Born on June 10, 1923, in Montreal, Françoise Sullivan was the youngest of five children and the only daughter of Corinne (Bourgouin) and John A. Sullivan. Sullivan’s father practised law and occupied numerous political posts throughout his career.

 

Françoise Sullivan, 1936. Photograph by Studio Garcia.
Françoise Sullivan, 1936, photograph by Studio Garcia.
Françoise Sullivan (front), John A. Sullivan (left), and Corinne Sullivan (third from left) with family friends, 1934.
Françoise Sullivan (front), John A. Sullivan (left), and Corinne Sullivan (third from left) with family friends, 1934, archive of the artist.

 

Sullivan wanted to be an artist from an early age. Her parents appreciated art and encouraged their daughter in her pursuits. Her father especially loved poetry and wrote the occasional poem. Her mother enrolled her from the age of eight in various classes: dance, drawing, music, and acting. She was passionate about dance and started creating choreography in her early teens, putting on recitals for the neighbourhood children.

 

At that time, pursuing the arts was seen as a respectable pastime for young women, one that provided them with a cultural education. She had begun to develop friends with whom she exchanged ideas on intellectual and artistic subjects: Sullivan met Pierre Gauvreau (1922–2011) and Bruno Cormier (1919–1991). She considered them her first intellectual encounter. Her parents were familiar with art and did not object when she expressed the wish, at the age of sixteen, to register at the École des beaux-arts in 1940.

 

Françoise Sullivan, age fourteen, at l’École de danse Gérald Crevier.
Françoise Sullivan, age fourteen, at l’École de danse Gérald Crevier, photographer unknown, Dance Collection Danse Archive, Toronto.
Françoise Sullivan and Pierre Gauvreau, at l’École de danse Gérald Crevier, “Le spectre de la rose,” 1940s.
Françoise Sullivan and Pierre Gauvreau, l’École de danse Gérald Crevier, Le spectre de la rose, 1940s, archive of the artist.

 

 

At the École

At a time when higher education was not accessible to most women, the École des beaux-arts accepted both male and female students, pending an entry exam, and was free. Sullivan registered in drawing and painting classes, and she excelled. She won the school’s first prize for drawing in 1941, the first prize for painting in 1943, and the Maurice Cullen prize for painting, also in 1943. Throughout this time, she continued to dance, training with Gérald Crevier (1912–1993), a classical and tap dancer who went on to found Quebec’s first classical ballet company in 1948.

 

Souvenir program The Firebird, from the Ballets Russes of Serge Diaghilev, 1910.
Souvenir program The Firebird, June 1910, from the Ballets Russes of Serge Diaghilev, Library of Congress, Music Division.
Mechanical Ballet (Ballet mécanique), by Fernand Léger, 1924.
Fernand Léger, Mechanical Ballet (Ballet mécanique), 1924, 35mm film (black and white, silent), 12 min., Museum of Modern Art, New York.

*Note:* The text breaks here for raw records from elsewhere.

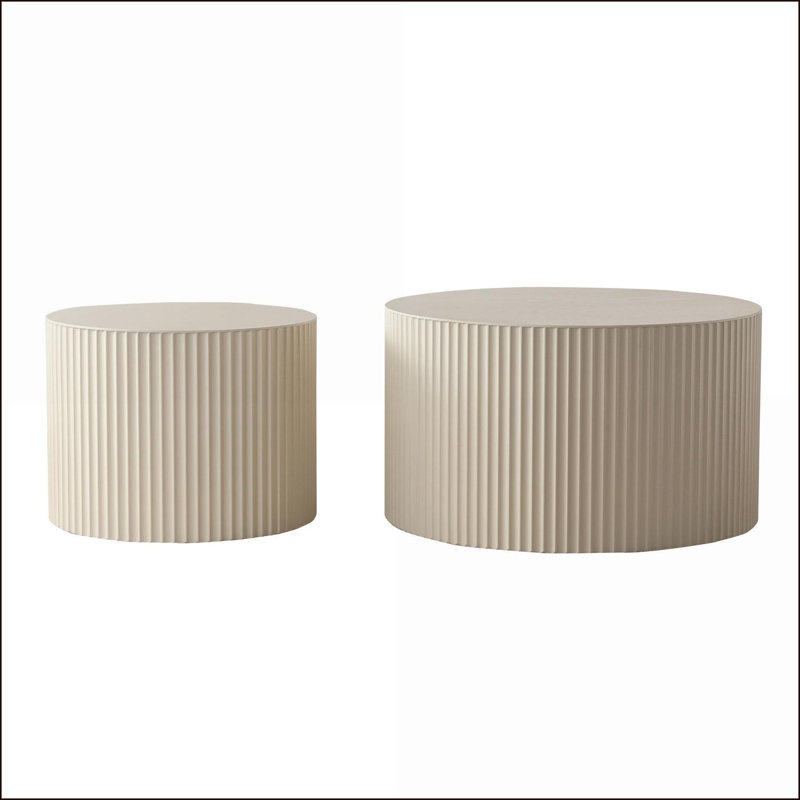Ensemble de 2 tables gigognes beiges modernes embossées, peu encombrantes Facile à nettoyer pour le salon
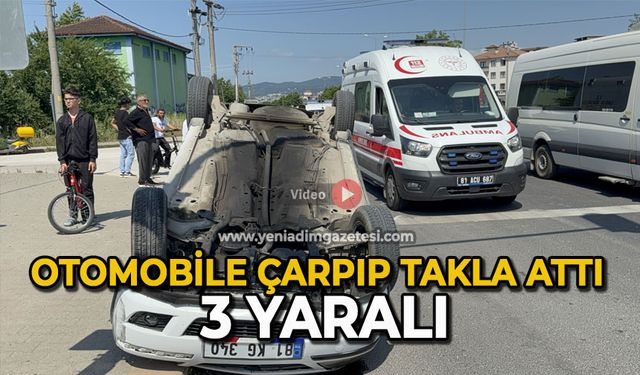 Otomobile çarpıp takla attı: 3 yaralı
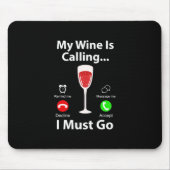 Kerstcadeau | Mijn wijn roept en ik moet gaan Muismat (Voorkant)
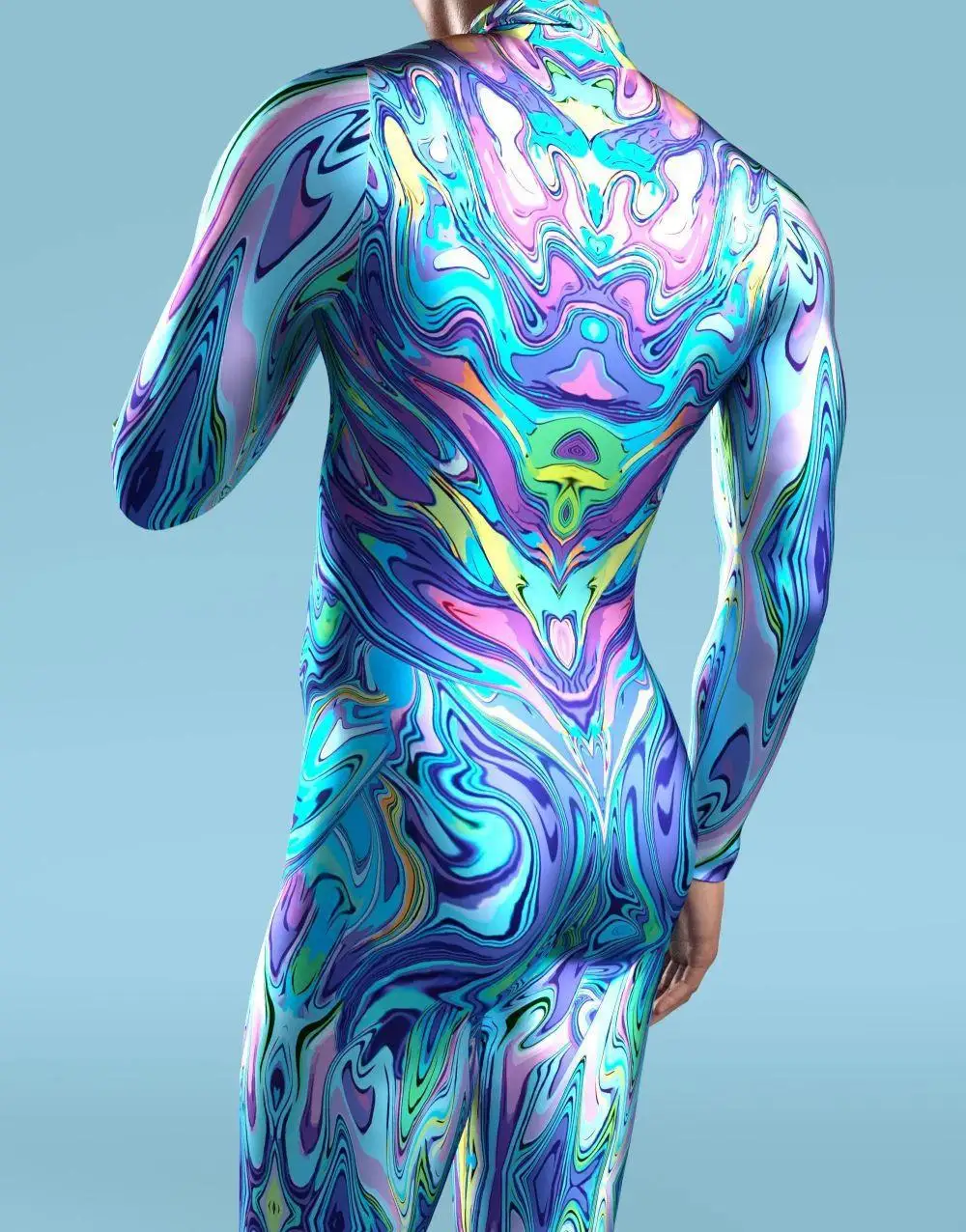Neuer bunter Zentai-Bodysuit für Herren mit Reißverschluss vorne, Karnevalskostüm, Festival-Outfit, Daumenärmel, Cosplay-Kostüm – Detail 7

The pedagogical program at the École des beaux-arts, like those of traditional European academies, was based on drawing from classical plaster moulds and the study of the human figure. Imitation was key, and creativity was frowned upon. But Sullivan was curious about new trends in art and complemented her education by studying reproductions of the works of modern artists such as Pablo Picasso (1881–1973), Pierre Bonnard (1867–1947), Marc Chagall (1887–1985), and Henri Matisse (1869–1954). She read the poetry of William Blake (1757–1827), Émile Nelligan (1879–1941), Charles Baudelaire (1821–1867), Arthur Rimbaud (1854–1891), and William Butler Yeats (1865–1939), whose interest in dreams and myth provided their works with an aura of disreputability in Catholic Quebec. With school friends Louise Renaud (b. 1922), Fernand Leduc (1916–2014), and Pierre Gauvreau,  she also listened to the music of avant-garde composers Igor Stravinsky (1882–1971) and Edgard Varèse (1883–1965), and attended the lavish performances that the Ballets Russes gave at His Majesty’s Theatre in Montreal.

 

Although the Second World War had begun in 1939 and wartime policies often meant rationing and restrictions on the home front, the cultural scene in Montreal was becoming more dynamic than ever. Painters such as John Lyman (1886–1967) and Alfred Pellan (1906–1988) had recently returned to the city after years spent abroad, where they had participated in movements such as Fauvism, Cubism, and Surrealism. They advocated for the development of modern art in Quebec through art criticism, lecture series, and exhibitions of modern European art. Sullivan sought out these events: in 1939 she saw the Art of Our Day exhibition organized by Lyman through the Contemporary Arts Society, which included works by Wassily Kandinsky (1866–1944), André Derain (1880–1954), and Amedeo Modigliani (1884–1920); and in 1941 she met and befriended French painter Fernand Léger (1881–1955) at a showing of his 1924 experimental film Mechanical Ballet (Ballet mécanique).

 

 

Borduas and the Automatistes

Pierre Gauvreau, Françoise Sullivan, Louise Renaud, Madeleine and Mimi Lalonde, Claude Gauvreau, and Marcel Barbeau in Saint-Hilaire, 1946.
Pierre Gauvreau, Françoise Sullivan, Louise Renaud, Madeleine and Mimi Lalonde, Claude Gauvreau, and Marcel Barbeau in Saint-Hilaire, 1946, photographer unknown, Dance Collection Danse Archive, Toronto.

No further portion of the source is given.